--- Stored data ---

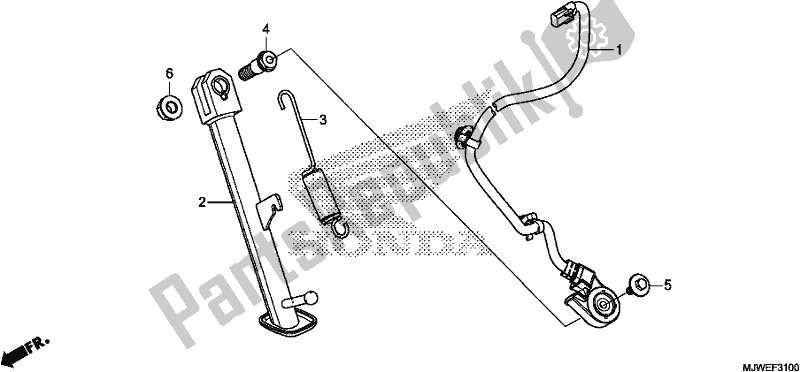 All parts for the Side Stand of the Honda CBR 500 RA 2017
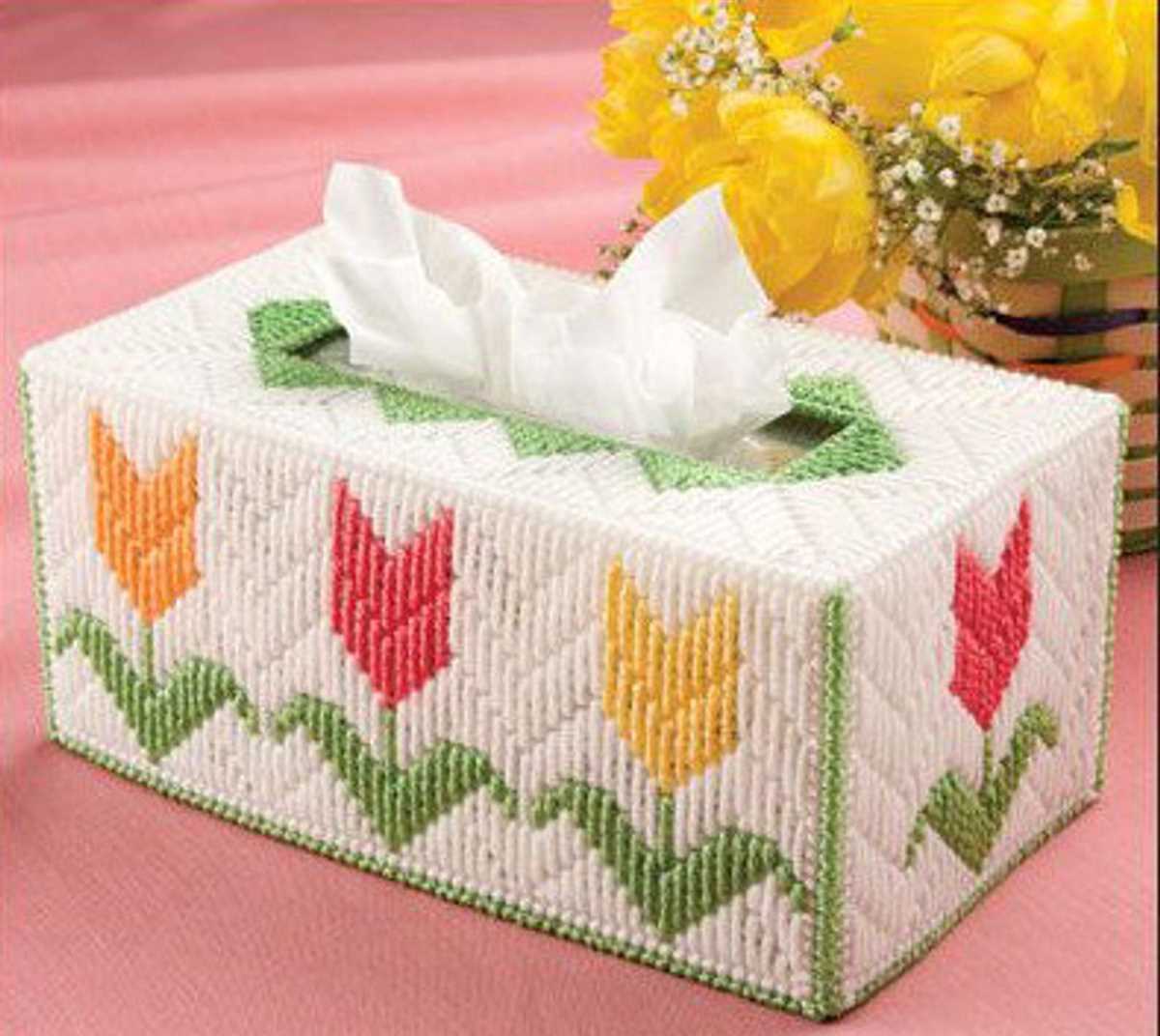 Knitted lace tissue box cover pattern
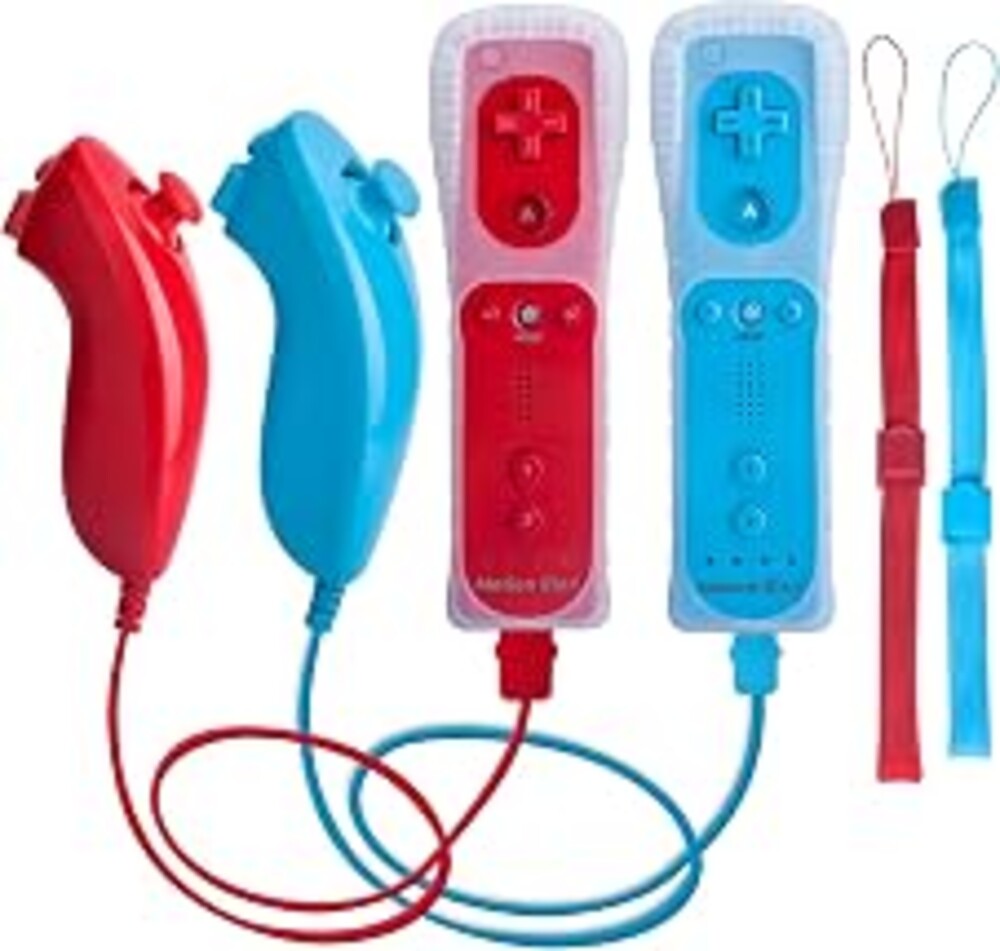 TechKen Motion Plus Wii Controllers 2Packs with Nunchucks, Wii Remote Controllers Compatible for wii and Wii U with Built in Motion Plus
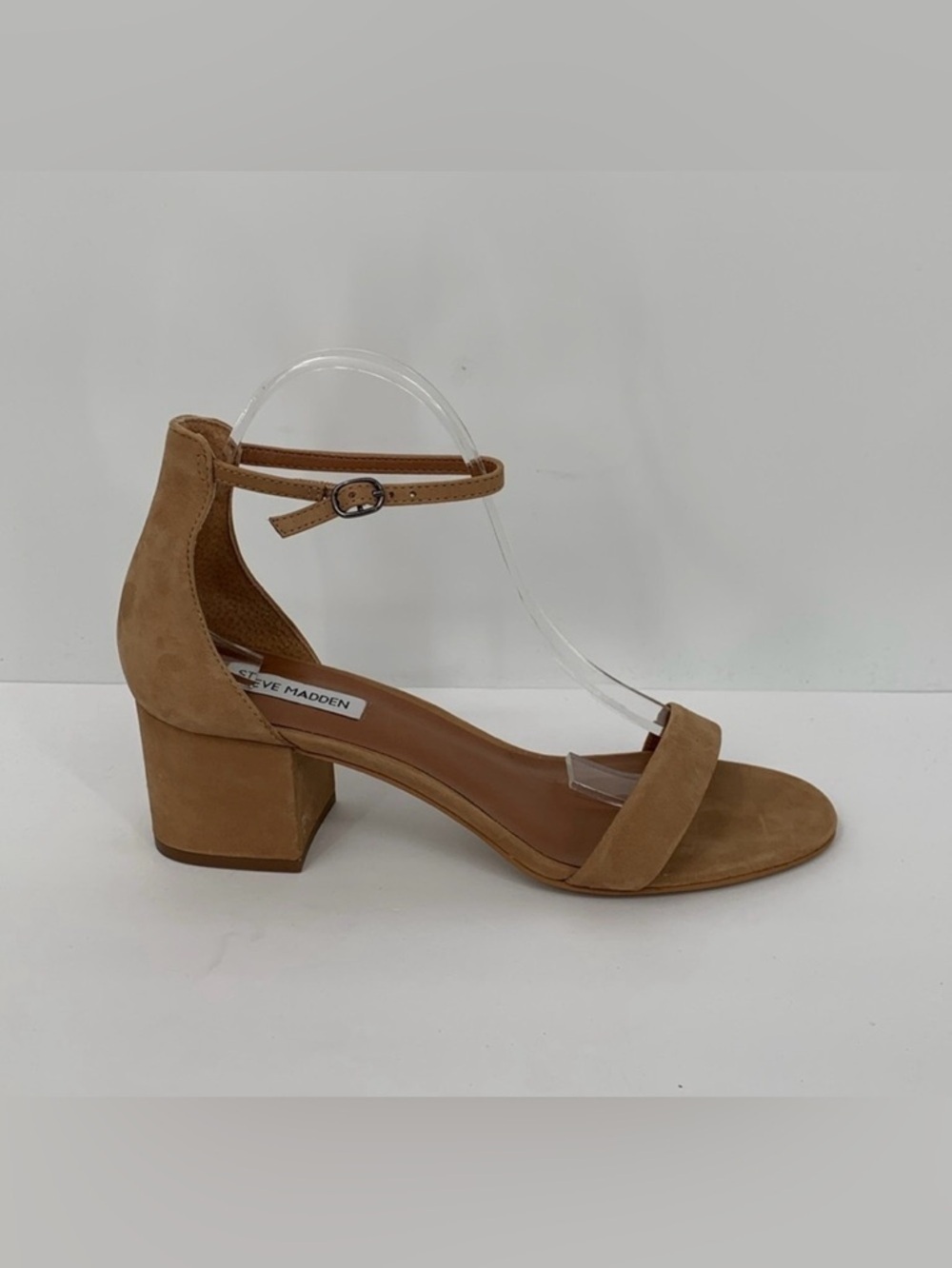 Steve Madden Irenee ankle strap brown suede block heel sandal shoe caramel 10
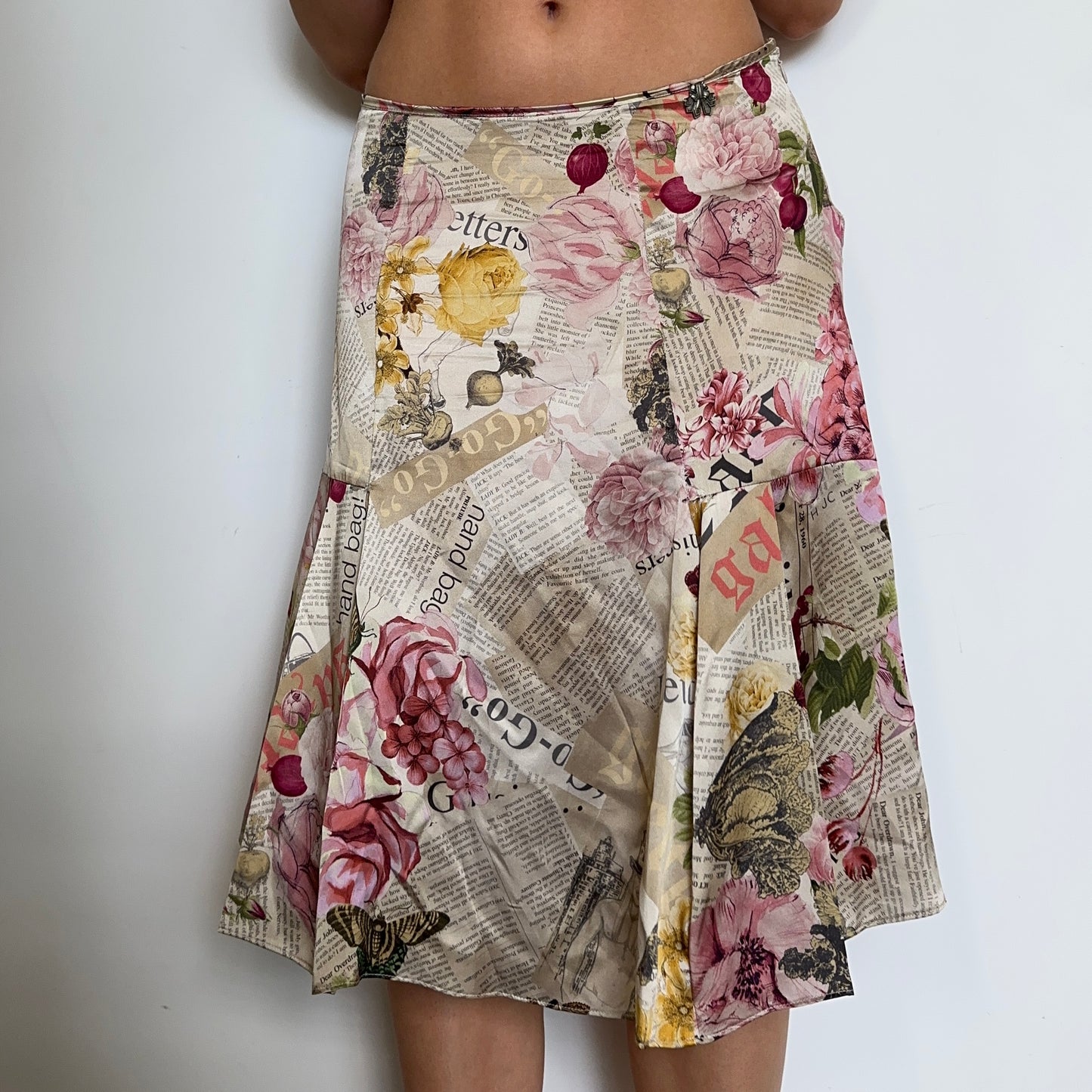 John Galliano Silk Newspaper Skirt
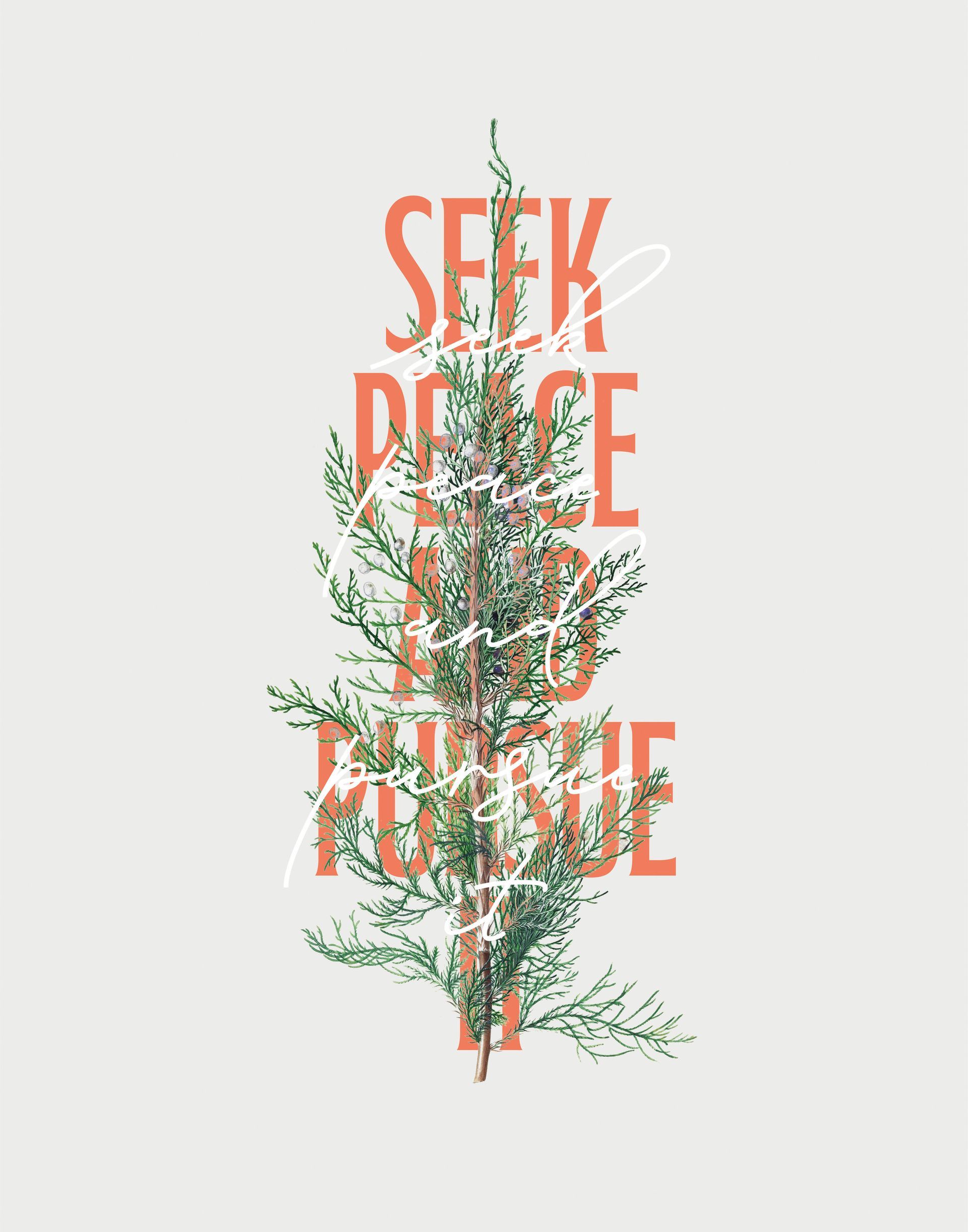 A christmas tree with the words `` seek peace in the chaos '' written on it. Custom Design by Sarah Rosie Studios.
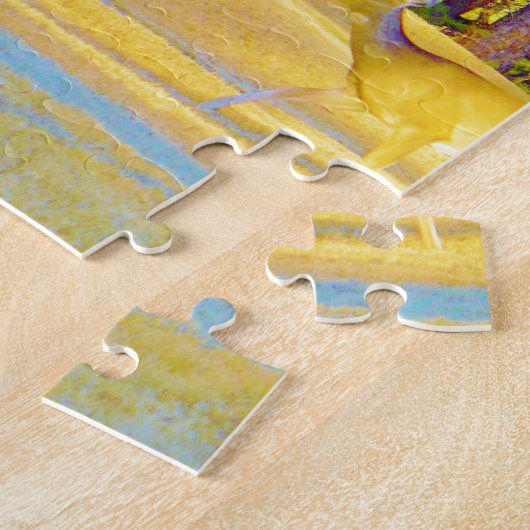 Musturd Colored Deer mit hellblau Puzzle (Seite)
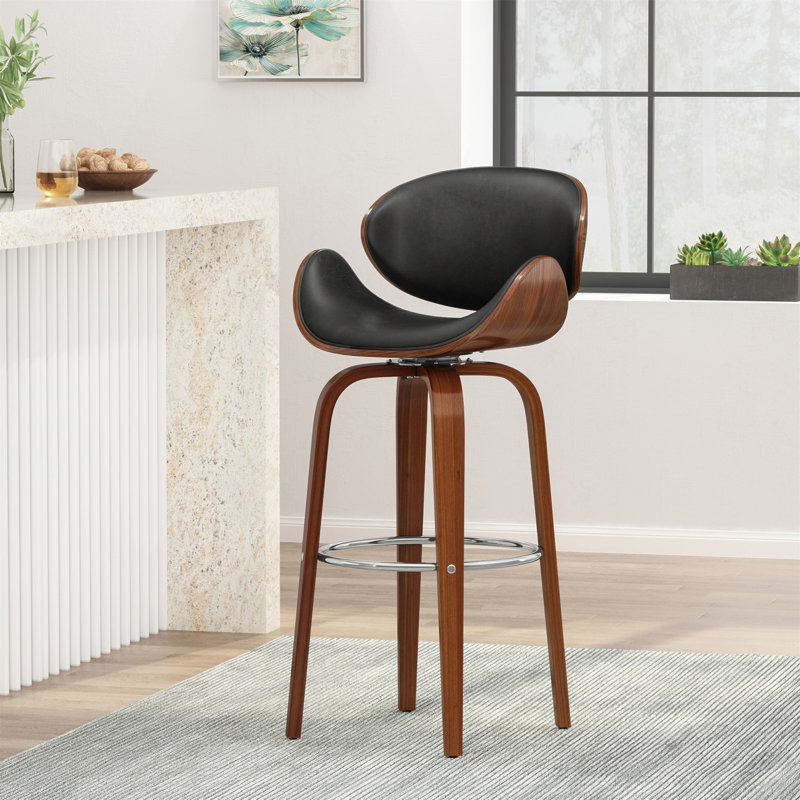 Tabouret tournant 30 "Mid-Century, Noir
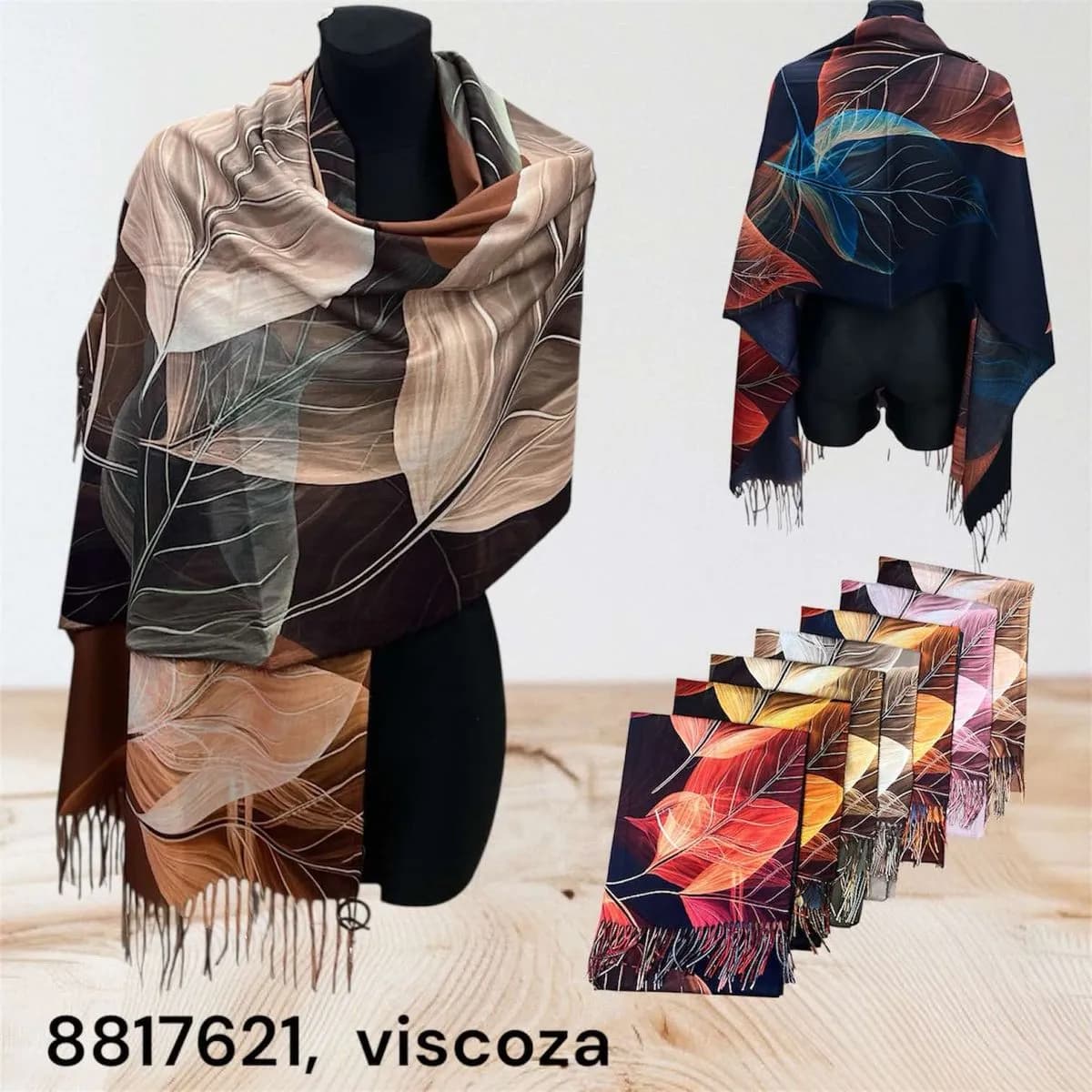 SZALIK DAMSKI wiskoza wzór w liście z frędzlami - mix kolorów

---

Required work
Everything from the line with "Tabouret tournant 30" through the end of the listing above, both ends included, should be set down exactly; copy nothing else, and skip the pictures.

Exercise result
 Tabouret tournant 30 "Mid-Century, Noir
 SZALIK DAMSKI wiskoza wzór w liście z frędzlami - mix kolorów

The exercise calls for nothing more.